What is the right order of insertion/deletion/modification on dataset?

What is the right order of insertion/deletion/modification on dataset? - c#

The MSDN claims that the order is :
Child table: delete records.
Parent table: insert, update, and delete records.
Child table: insert and update records.
I have a problem with that.
Example : ParentTable have two records parent1(Id : 1) and parent2(Id : 2)
ChildTable have a record child1(Id : 1, ParentId : 1)
If we update the child1 to have a new parent parent2, and then we delete parent1.
We have nothing to delete in child table
We delete parent1 : we broke the constraint, because the child is still attached to parent1, unless we update it first.
So what is the right order, and is the MSDN false on the subject?
My personnals thoughts is
Child table: delete records.
Parent table: insert, update records.
Child table: insert and update records.
Parent table: delete records.
But the problem is, with potentially unique constraint, we must always delete the records in a table before adding new... So I have no solution right now for commiting my datas to my database.
Edit : thanks for the answers, but your corner case is my daily case... I opt for the ugly solution to disabled constraint, then update database, and re-enabled constraint. I'm still searching a better solution..

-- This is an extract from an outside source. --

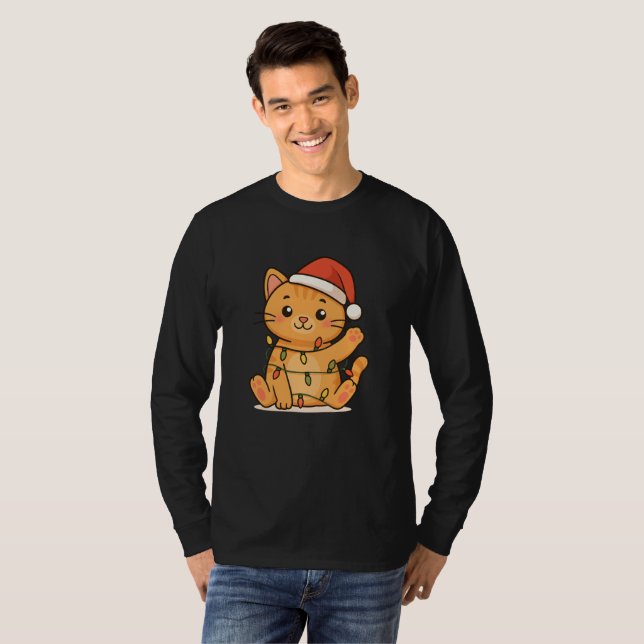 Cat Merry Christmas Winter Animals Cats Christmas T-Shirt (Front Full)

Doesn't your SQL product support deferred constraint checking ?
If not, you could try
Delete all child records - delete all parent records - insert all parent records - insert all child records
where any UPDATEs have been split into their constituent DELETEs and INSERTs.
This should work correctly in all cases, but at acceptable speeds probably in none ...
It is also provable that this is the only scheme that can work correctly in all cases, since :
(a) key constraints on parent dictate that parent DELETES must precede parent INSERTS,
(b) key constraints on child dictate that child DELETES must precede child INSERTS,
(c) FK dictates that child DELETES must precede parent DELETES
(d) FK also dictates that child INSERTS must follow parent INSERTS
The given sequence is the only possible one that satisfies these 4 requirements, and it also shows that UPDATEs to the child make a solution impossible no matter what, since an UPDATE means a "simultaneous" DELETE plus INSERT.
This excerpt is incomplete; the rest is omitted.